Returning decoded_content() fixes that for me.

@coveralls
Copy link

Coverage Status

Coverage remained the same when pulling c2ac44a on oalders:decoded-content into a1acb70 on kentnl:master.

@kentfredric
Copy link
Member

I'm not entirely sure decoding content arbitrarily is a good idea here. Maybe it could be a constructor argument at best, but even that I'm not sure about.

Because the HTTP::Tiny itself doesn't decode content and just passes it verbatim, requiring the consumer to decode correctly.

( Hence, why HTTP::Tiny::UA exists and why I presently have a feature request open for HTTP::Tiny::UA to support ->decoded_content dagolden/HTTP-Tiny-UA#3 )

So it seems what ever is consuming HTTP::Tiny::Mech and assuming it to work like HTTP::Tiny is consuming it incorrectly.

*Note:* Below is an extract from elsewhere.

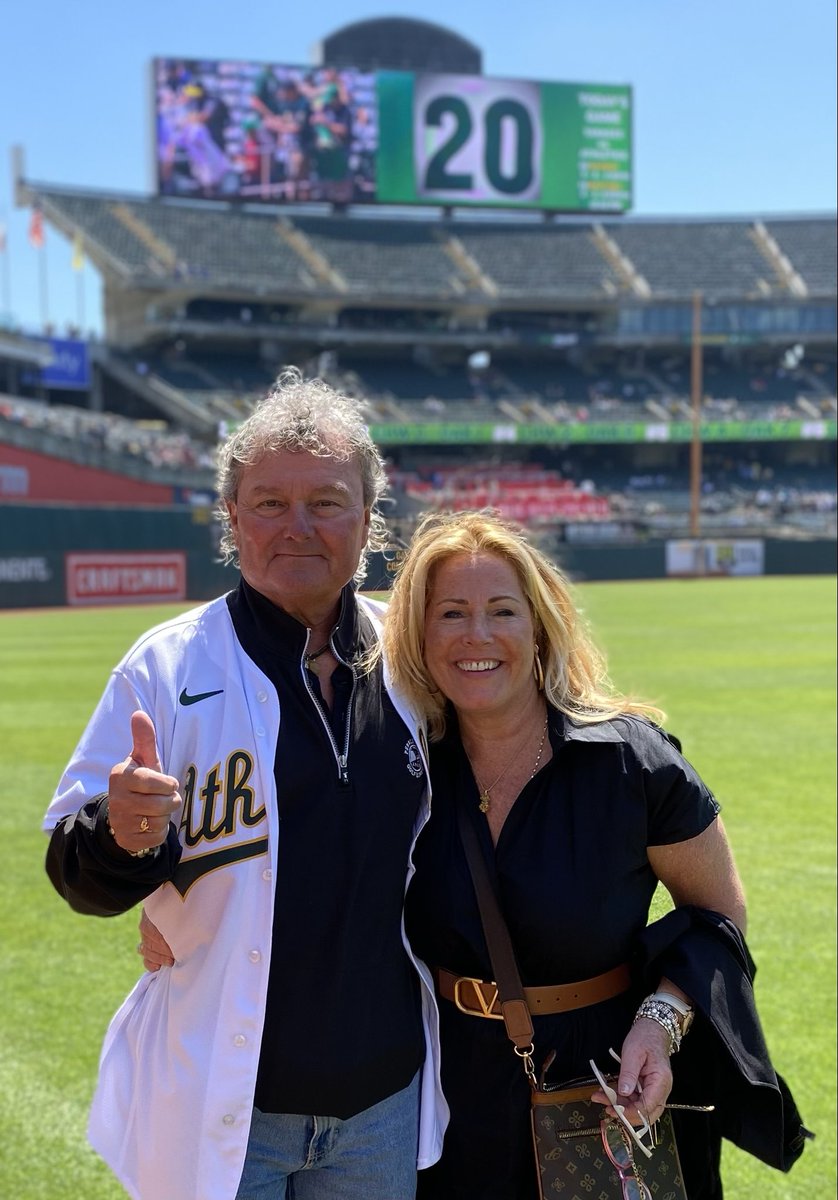RickPetersonCT's tweet photo. My gorgeous wife, Lelia She’s my biggest fan! And officially makes me the luckiest guy in the world! #moneyball#oaklandA’s#gratitude#mlb https://t.co/fG7QMD04uK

Basically, I'm saying it looks like a bug in the calling code, because if you had a real HTTP::Tiny there, you'd theoretically have the same problem.

@oalders
Copy link
Author

oalders commented Jul 22, 2014

Good info to have. I'll take a closer look at this to see what's going on in the calling code.

@oalders
Copy link
Author

oalders commented Jul 23, 2014

Here's an example of what I'm talking about. The calling code isn't doing anything special.

#!/usr/bin/env perl

use strict;
use warnings;

use Devel::SimpleTrace;
use HTTP::Tiny::Mech;
use MetaCPAN::Client;
use LWP::UserAgent;
use WWW::Mechanize;
use WWW::Mechanize::Cached;

my @ua_classes
    = ( 'WWW::Mechanize::Cached', 'LWP::UserAgent', 'WWW::Mechanize', );

foreach my $ua_class ( @ua_classes ) {
    print "$ua_class\n";

    my $ua = $ua_class->new;
    my $wrapped_ua = HTTP::Tiny::Mech->new( mechua => $ua );

    my $mcpan = MetaCPAN::Client->new( ua => $wrapped_ua );
    $mcpan->author( 'XSAWYERX' );
}

In this example the WWW::Mechanize object always fails for me with the decoding error I listed above. LWP::UserAgent and WWW::Mechanize::Cached are both fine.

@kentfredric
Copy link
Member

MetaCPAN::Client is naughty and quite a few calls will entirely ignore the passed ua. I'll have to look into this case and see whats happening here though.

@kentfredric
Copy link
Member

Presently having trouble even installing the dependencies as Cache::Cache is entirely broken on blead now:

http://matrix.cpantesters.org/?dist=Cache-Cache+1.06

$ cpanm --look Cache::Cache
--> Working on Cache::Cache
Fetching http://www.cpan.org/authors/id/J/JS/JSWARTZ/Cache-Cache-1.06.tar.gz ... OK
Entering /home/kent/.cpanm/work/1406089393.809714/Cache-Cache-1.06 with /bin/bash
kent@katipo2 ~/.cpanm/work/1406089393.809714/Cache-Cache-1.06 $ perl -Ilib -MCache::CacheTester -e1 
Can't use 'defined(@array)' (Maybe you should just omit the defined()?) at lib/Cache/CacheTester.pm line 562.
Compilation failed in require.
BEGIN failed--compilation aborted.

Somebody really aught to see if they can get some maintenance happening there.

@kentfredric
Copy link
Member

Hm, it does appear there is some different behaviour under the hood with WWW::Mechanize.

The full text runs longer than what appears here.